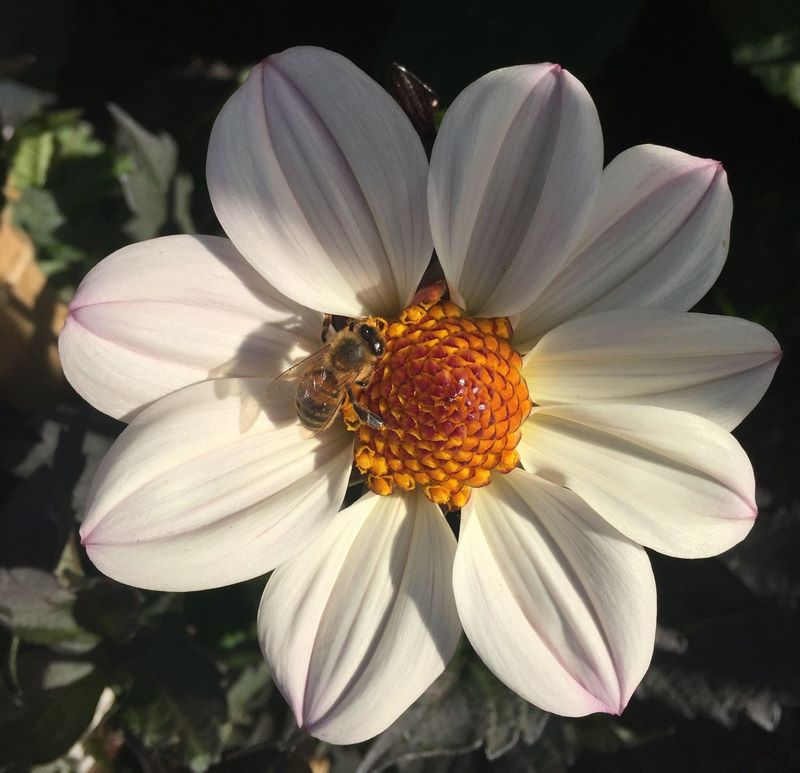flor de dalia color blanco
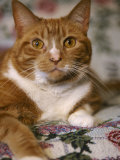 Buy Orange Tabby Cat at AllPosters.com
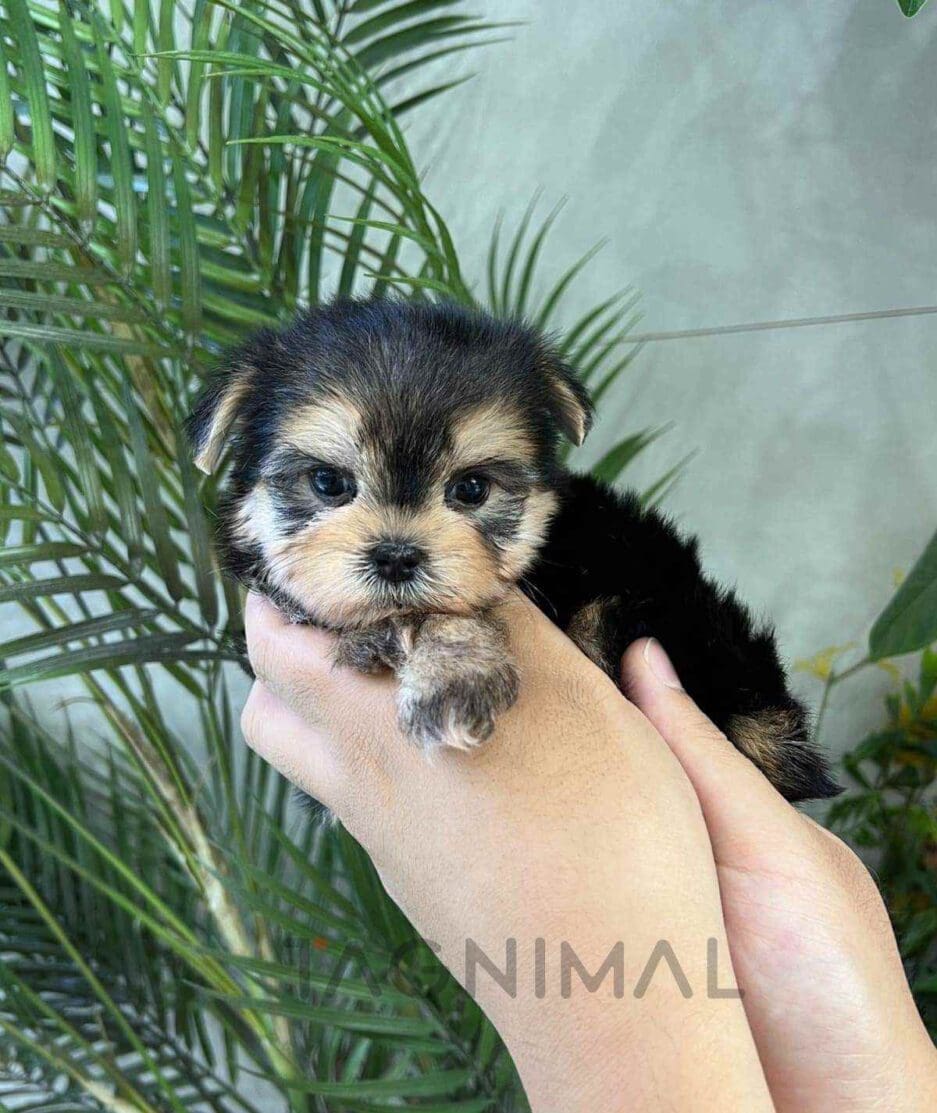 Morkie puppy for sale, dog for sale at Tagnimal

### Description of the task:
The expected answer is an unaltered copy of the listing, images removed.

### Your solution:
flor de dalia color blanco
 Buy Orange Tabby Cat at AllPosters.com
 Morkie puppy for sale, dog for sale at Tagnimal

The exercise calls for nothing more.